# Opinions on my first try at painting blades



## sylvan 17 (May 22, 2010)

This was my first try at painting blades with an airbrush. Do you think they will work?


----------



## Misdirection (Jul 16, 2012)

Nice looking blades. I'm sure you'll enjoy catching a few on those!

Sent from my DROID RAZR using Ohub Campfire mobile app


----------



## Rik (Feb 17, 2006)

Look good Chuck,they will work great...


----------



## sylvan 17 (May 22, 2010)

Rik said:


> Look good Chuck,they will work great...


 I will need lots of practice.


----------



## All Eyes (Jul 28, 2004)

Very nice blades. Looks like fish catchers to me.


----------



## sylvan 17 (May 22, 2010)

You guys that make those custom baits sure have a special talent with painting. I know already how easy it is to screw something up. Lol


Posted using Outdoor Hub Campfire


----------



## Walleye 3 (Jul 2, 2005)

It will come to you after you get some hours on your air brush. I think they look great, they will work.

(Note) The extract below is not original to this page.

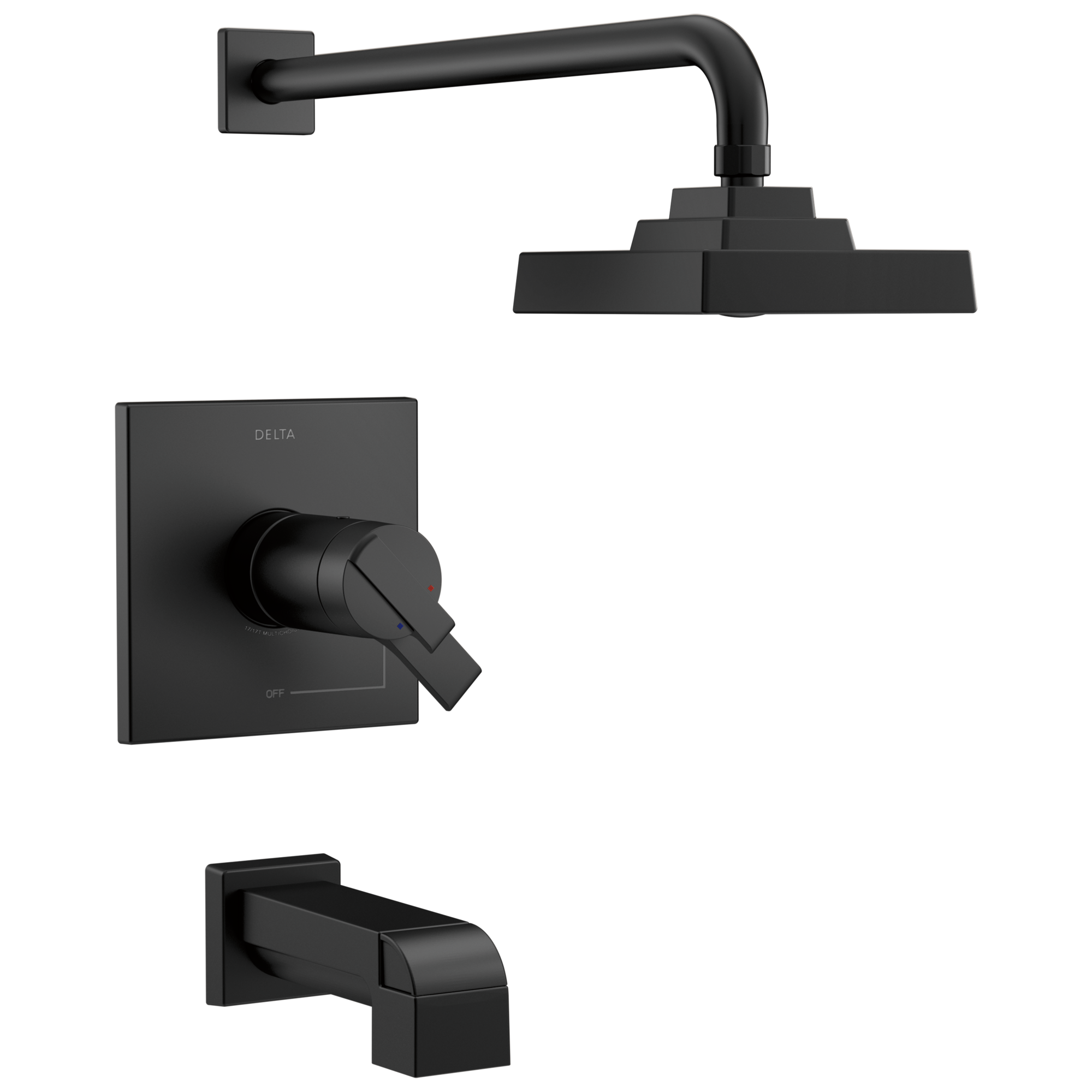 T17T467-BL Ванна и душевая панель TempAssure® серии 17T Delta Faucet Ara Матовый черный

Sent from my HTCONE using Ohub Campfire mobile app


----------



## Gottagofishn (Nov 18, 2009)

I wish I had half the talent of you guys on here..... Somehow when I paint them they look like my kids did them at the kitchen table with crayons.....

Beautiful blades! You will be so excited when you catch that first eye on them!


----------



## TIGGER (Jan 17, 2006)

Those look great! Man I can't wait till "open" water.


----------



## sylvan 17 (May 22, 2010)

TIGGER said:


> Those look great! Man I can't wait till "open" water.


The wife quit letting me use her nail polish.. I just want to be able to paint something up when I get a idea in my head. There are some guys on here that have some insane stuff made up that looks awesome. Ryan,Rik and Buck.eyehunter


Posted using Outdoor Hub Campfire


----------



## sylvan 17 (May 22, 2010)

Tigger and the rest of you that make those custom lures are in your own league!


Posted using Outdoor Hub Campfire


----------